_Data shown_.
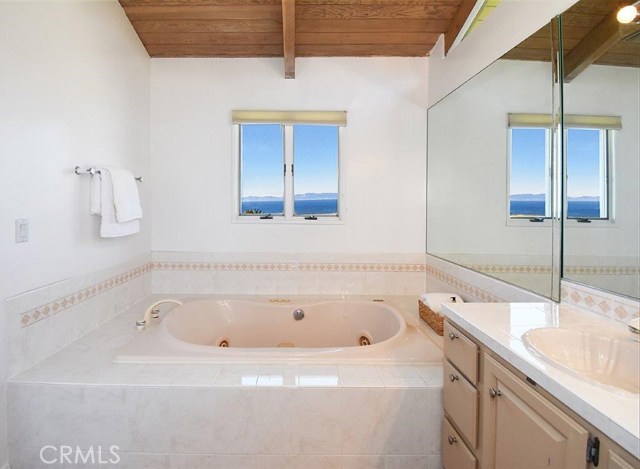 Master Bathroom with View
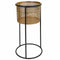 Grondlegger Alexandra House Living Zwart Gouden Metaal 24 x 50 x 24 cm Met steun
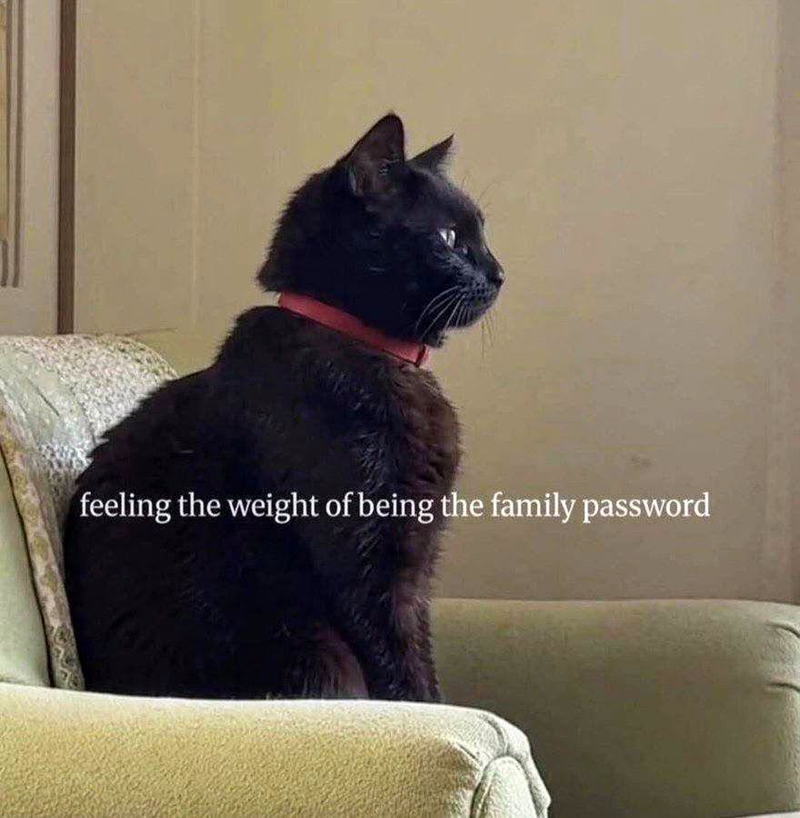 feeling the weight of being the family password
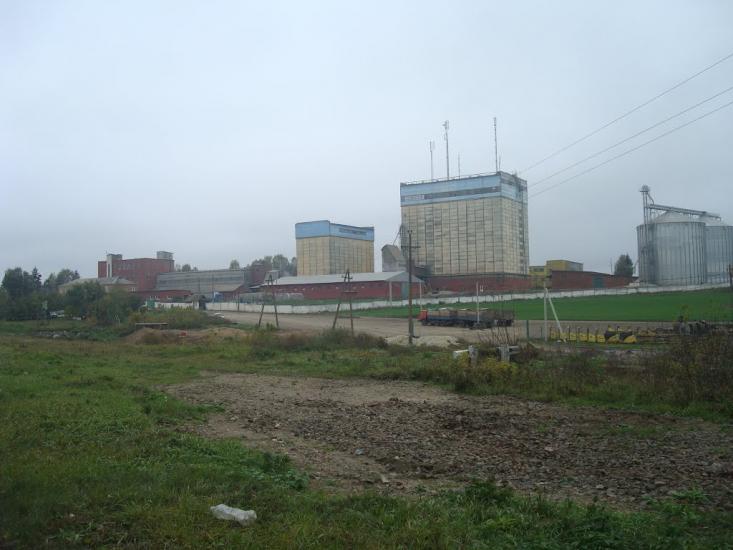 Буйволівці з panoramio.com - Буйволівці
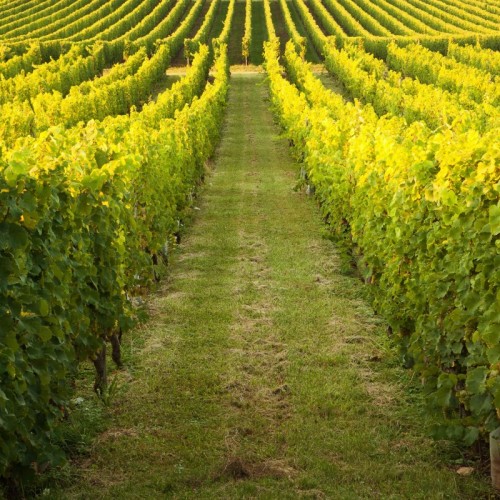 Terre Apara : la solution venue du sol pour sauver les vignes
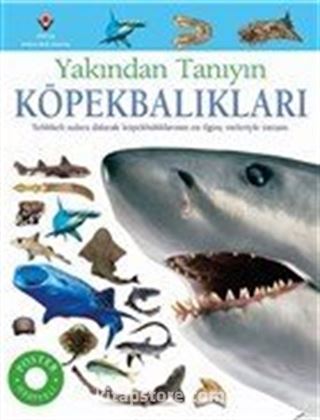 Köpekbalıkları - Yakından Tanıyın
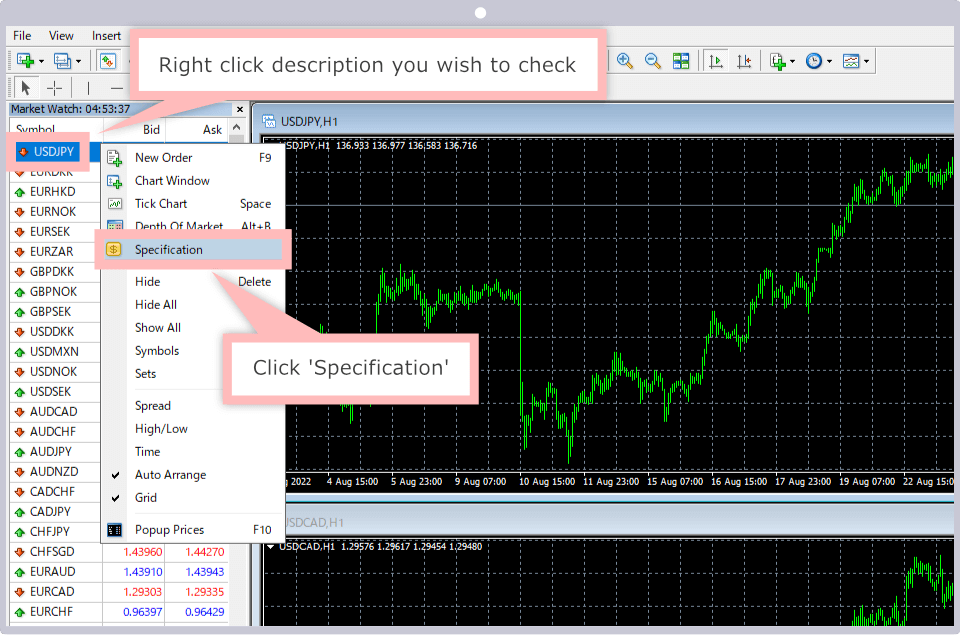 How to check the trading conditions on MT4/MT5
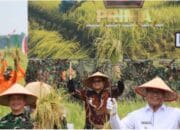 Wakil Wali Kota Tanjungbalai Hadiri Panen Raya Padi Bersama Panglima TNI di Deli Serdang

_What the task asks_. When the listing is transcribed, every line must match the original exactly, and the pictures must be left out.

_Problem solution_.
 Master Bathroom with View
 Grondlegger Alexandra House Living Zwart Gouden Metaal 24 x 50 x 24 cm Met steun
 feeling the weight of being the family password
 Буйволівці з panoramio.com - Буйволівці
 Terre Apara : la solution venue du sol pour sauver les vignes
 Köpekbalıkları - Yakından Tanıyın
 How to check the trading conditions on MT4/MT5
 Wakil Wali Kota Tanjungbalai Hadiri Panen Raya Padi Bersama Panglima TNI di Deli Serdang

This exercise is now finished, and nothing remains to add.